Captioned web images
========================================

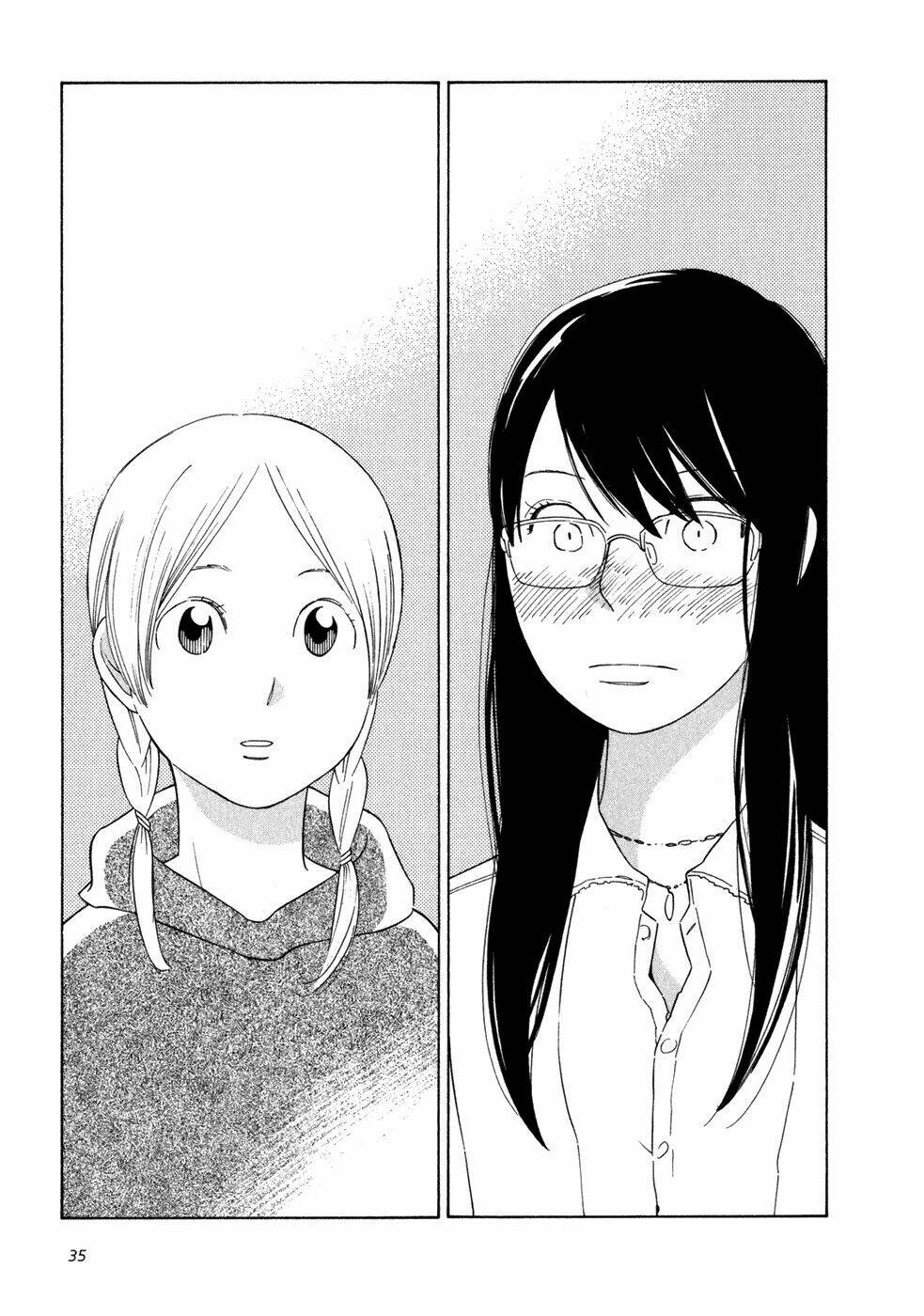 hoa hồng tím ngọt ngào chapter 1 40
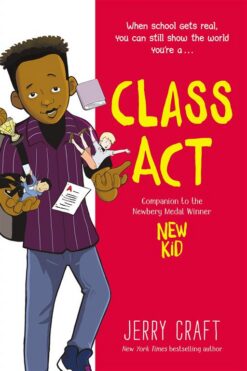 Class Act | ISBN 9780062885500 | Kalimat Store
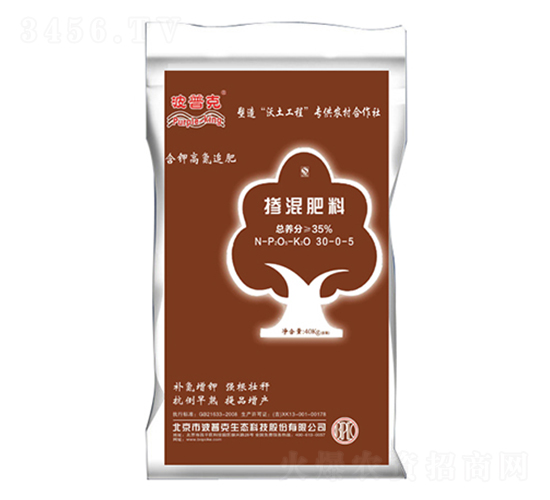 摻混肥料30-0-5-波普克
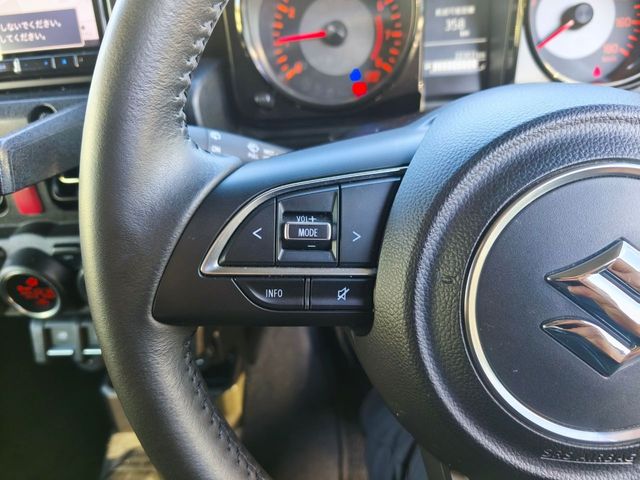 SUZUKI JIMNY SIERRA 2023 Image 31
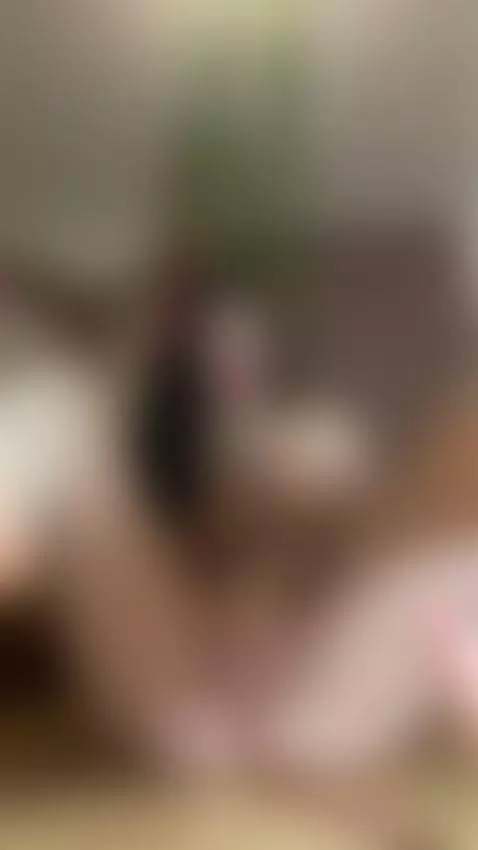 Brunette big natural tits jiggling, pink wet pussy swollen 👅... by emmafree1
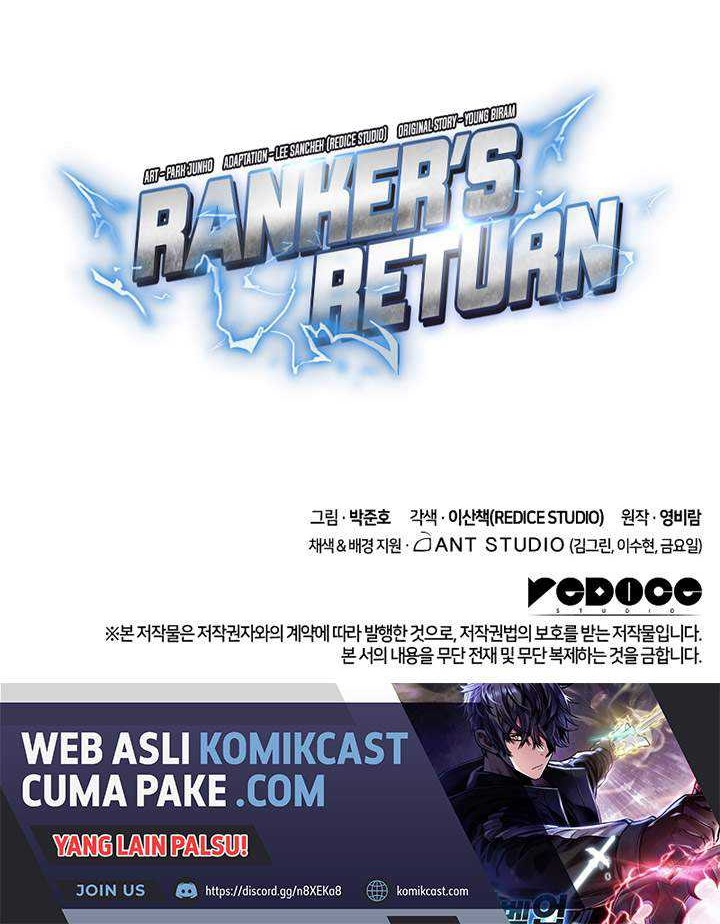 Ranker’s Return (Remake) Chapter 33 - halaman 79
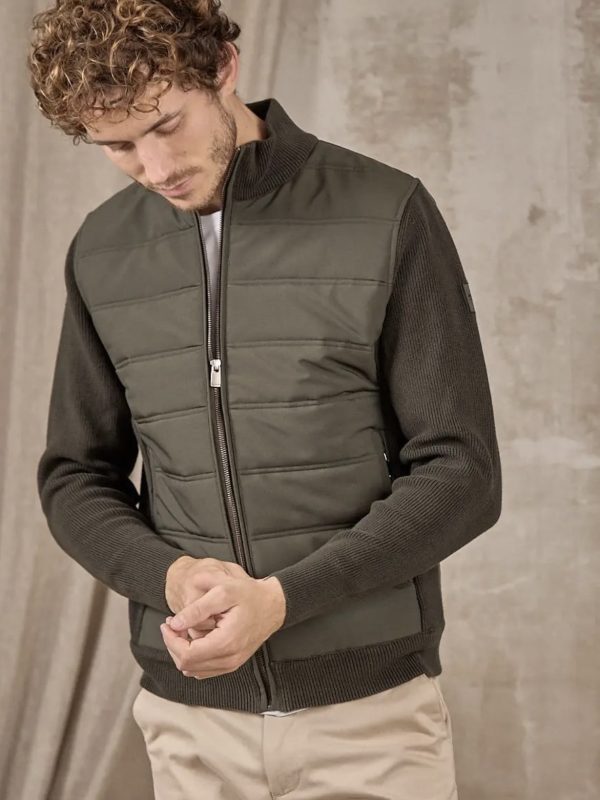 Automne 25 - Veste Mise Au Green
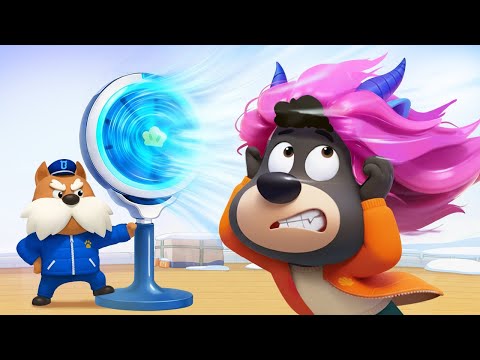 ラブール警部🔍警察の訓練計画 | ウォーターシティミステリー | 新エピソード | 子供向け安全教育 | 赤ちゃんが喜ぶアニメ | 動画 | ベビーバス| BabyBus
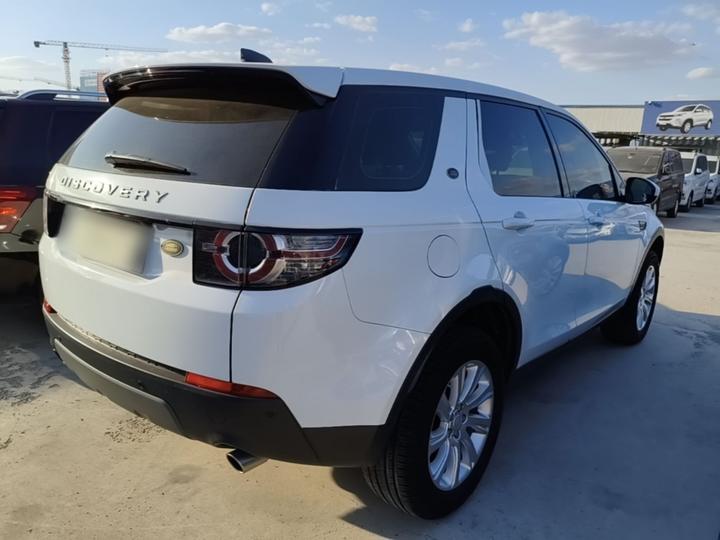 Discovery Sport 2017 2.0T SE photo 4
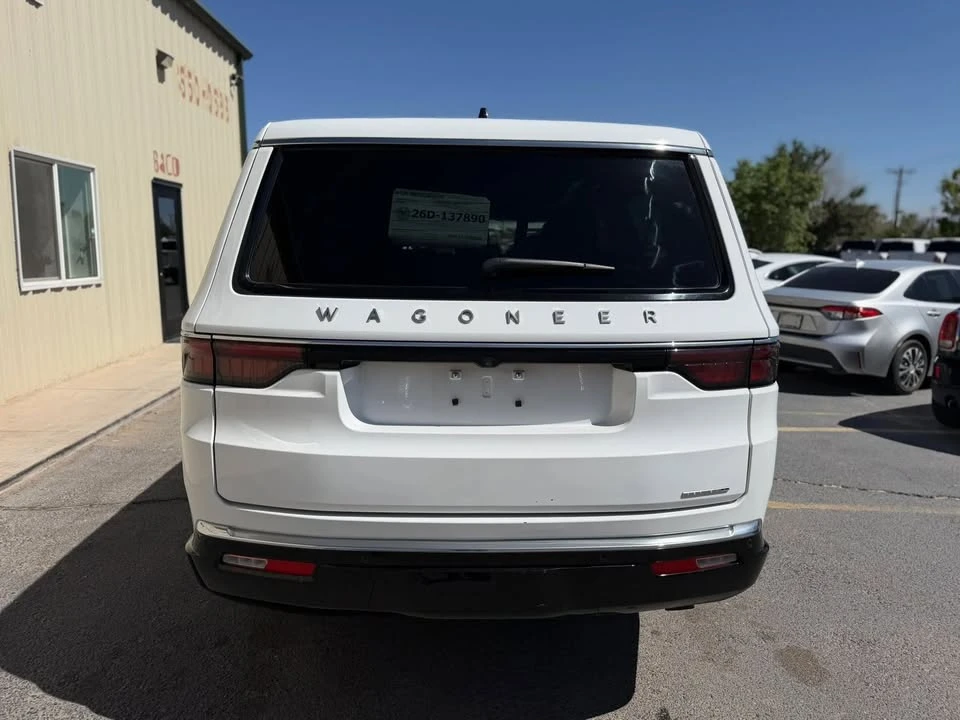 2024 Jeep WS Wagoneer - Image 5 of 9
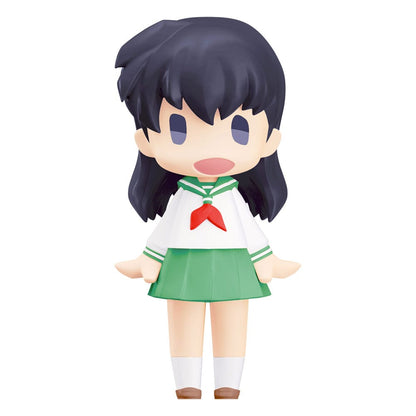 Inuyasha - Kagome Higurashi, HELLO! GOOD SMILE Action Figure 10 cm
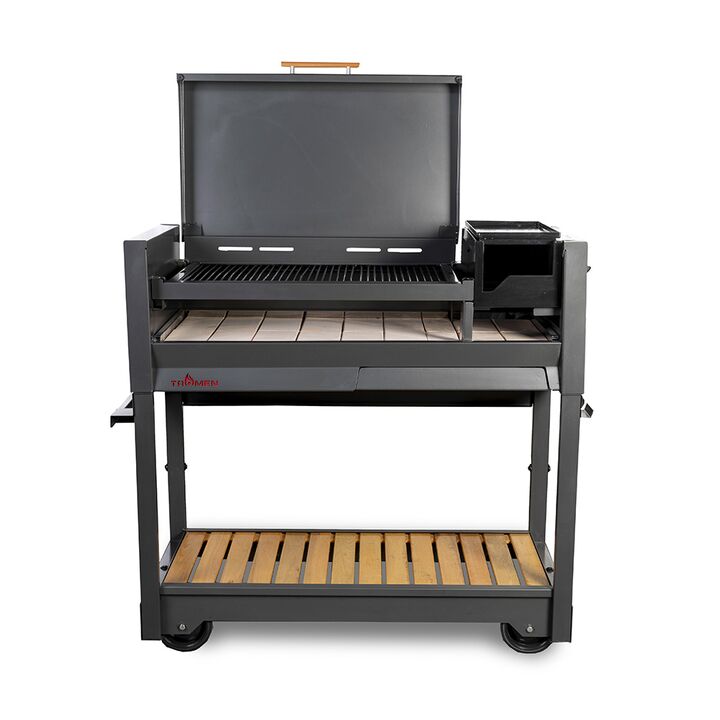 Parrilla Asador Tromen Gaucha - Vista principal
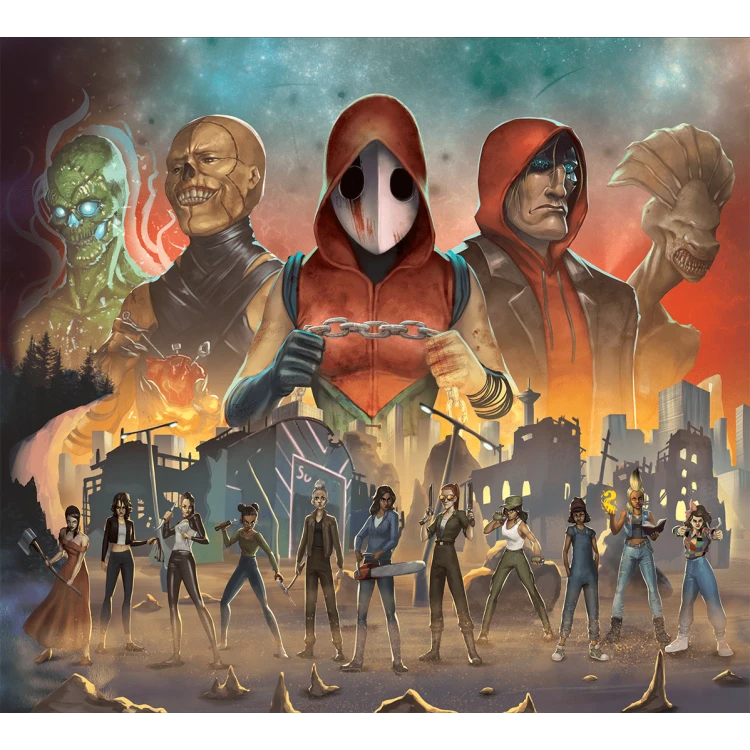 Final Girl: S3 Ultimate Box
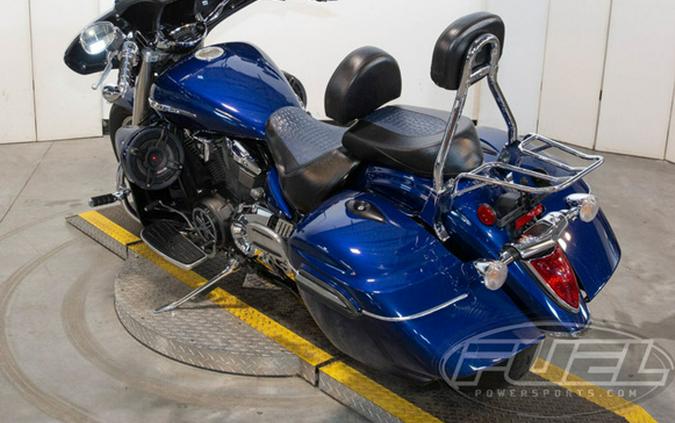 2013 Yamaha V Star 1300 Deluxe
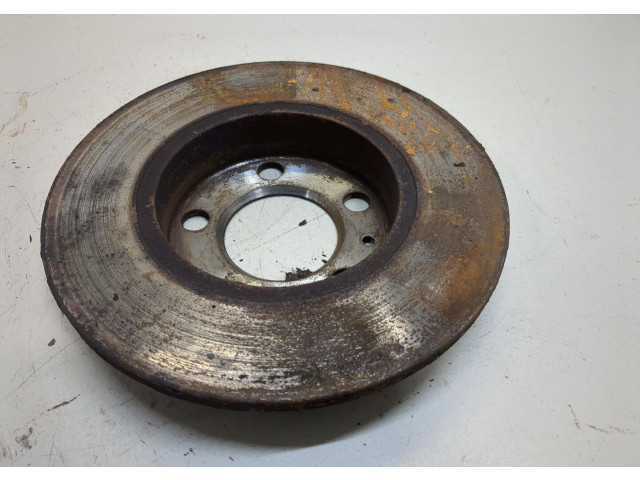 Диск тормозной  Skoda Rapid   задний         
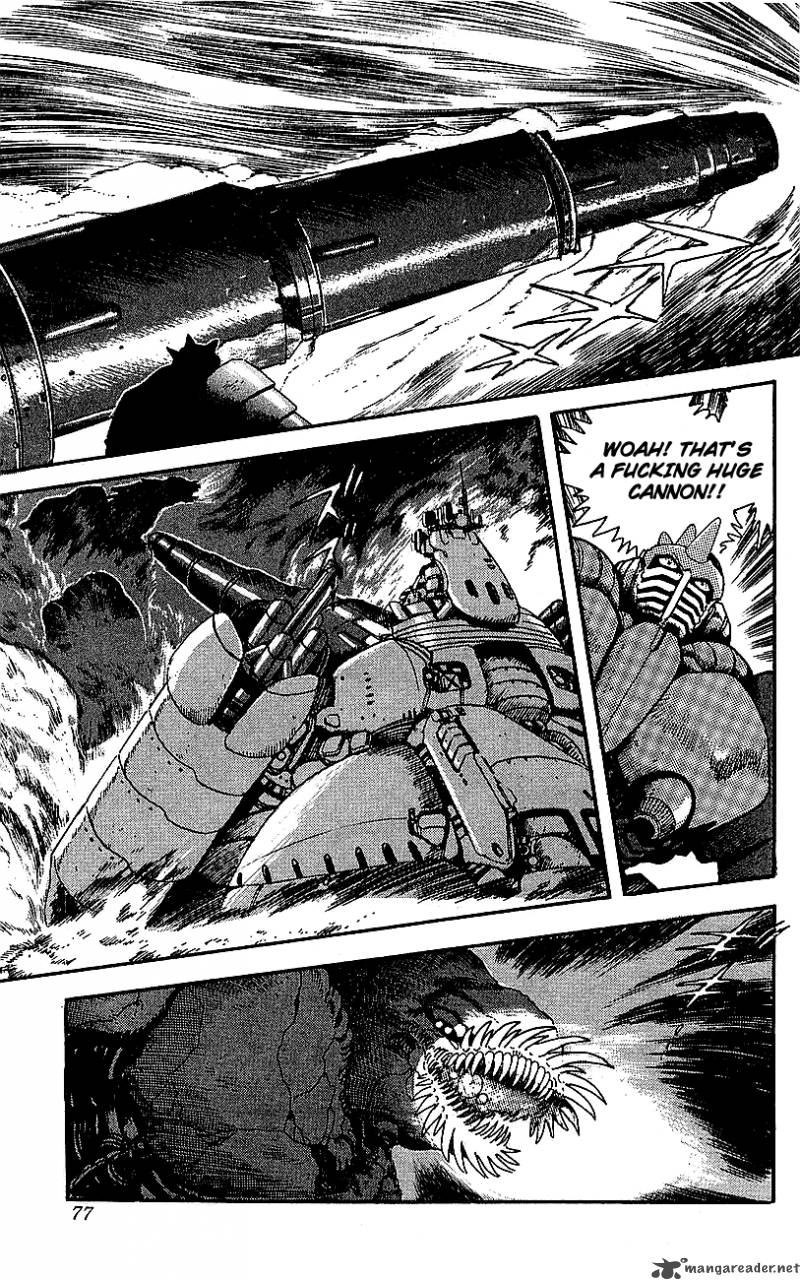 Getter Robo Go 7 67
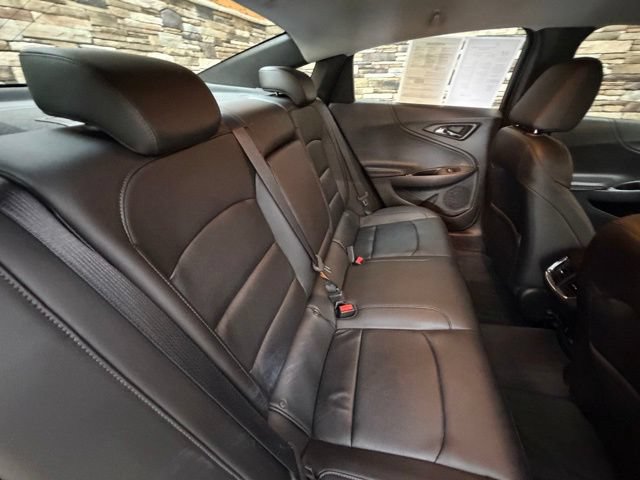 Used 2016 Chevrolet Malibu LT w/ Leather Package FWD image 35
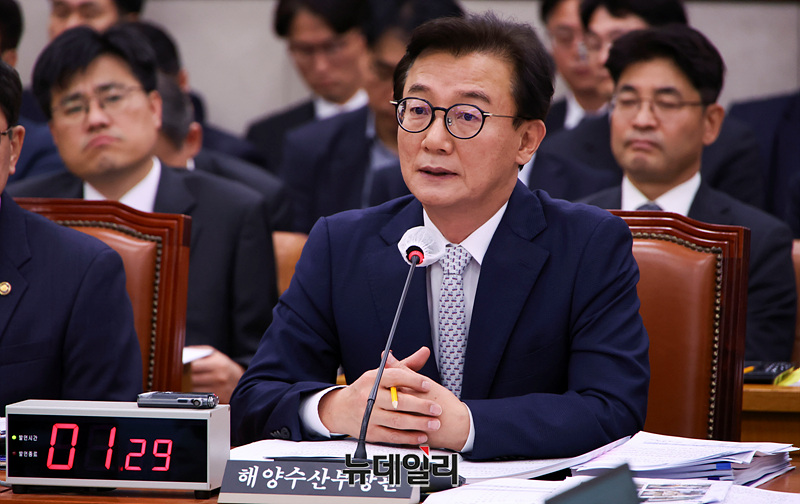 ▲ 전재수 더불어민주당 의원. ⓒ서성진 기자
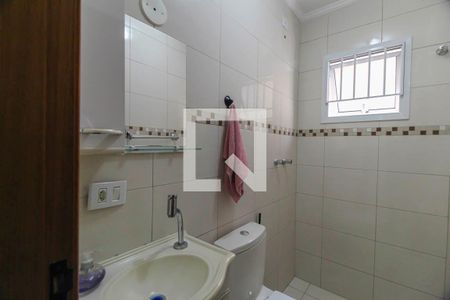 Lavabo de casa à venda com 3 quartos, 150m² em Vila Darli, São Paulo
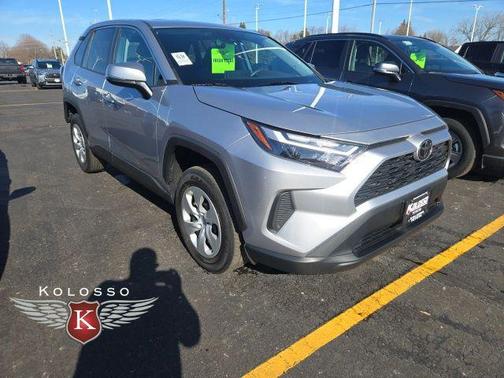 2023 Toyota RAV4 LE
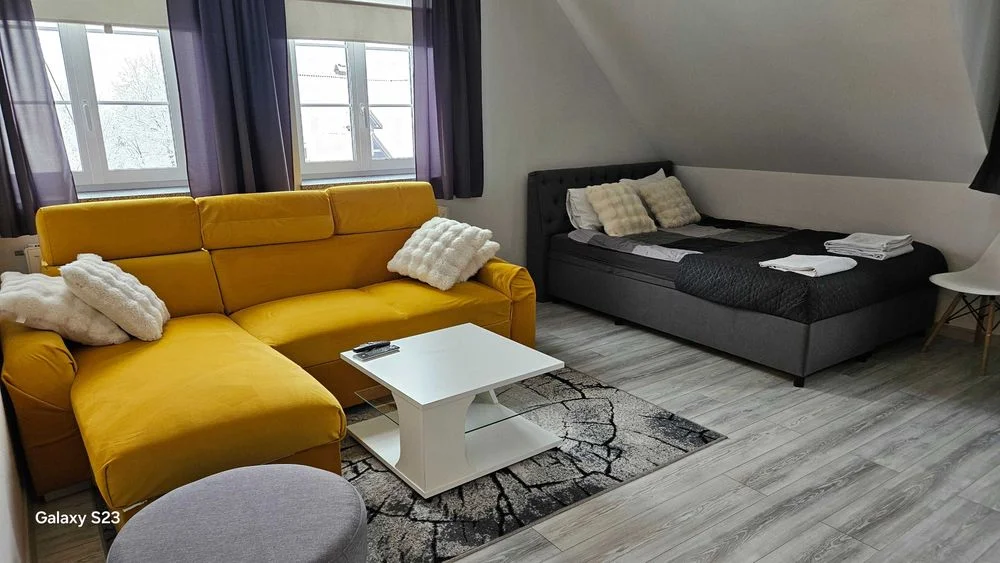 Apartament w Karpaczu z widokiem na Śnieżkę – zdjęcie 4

========================================

__TASK DETAILS__. Please print every record exactly, leaving out the pictures.

__EXERCISE RESULT__.
 hoa hồng tím ngọt ngào chapter 1 40
 Class Act | ISBN 9780062885500 | Kalimat Store
 摻混肥料30-0-5-波普克
 SUZUKI JIMNY SIERRA 2023 Image 31
 Brunette big natural tits jiggling, pink wet pussy swollen 👅... by emmafree1
 Ranker’s Return (Remake) Chapter 33 - halaman 79
 Automne 25 - Veste Mise Au Green
 ラブール警部🔍警察の訓練計画 | ウォーターシティミステリー | 新エピソード | 子供向け安全教育 | 赤ちゃんが喜ぶアニメ | 動画 | ベビーバス| BabyBus
 Discovery Sport 2017 2.0T SE photo 4
 2024 Jeep WS Wagoneer - Image 5 of 9
 Inuyasha - Kagome Higurashi, HELLO! GOOD SMILE Action Figure 10 cm
 Parrilla Asador Tromen Gaucha - Vista principal
 Final Girl: S3 Ultimate Box
 2013 Yamaha V Star 1300 Deluxe
 Диск тормозной  Skoda Rapid   задний         
 Getter Robo Go 7 67
 Used 2016 Chevrolet Malibu LT w/ Leather Package FWD image 35
 ▲ 전재수 더불어민주당 의원. ⓒ서성진 기자
 Lavabo de casa à venda com 3 quartos, 150m² em Vila Darli, São Paulo
 2023 Toyota RAV4 LE
 Apartament w Karpaczu z widokiem na Śnieżkę – zdjęcie 4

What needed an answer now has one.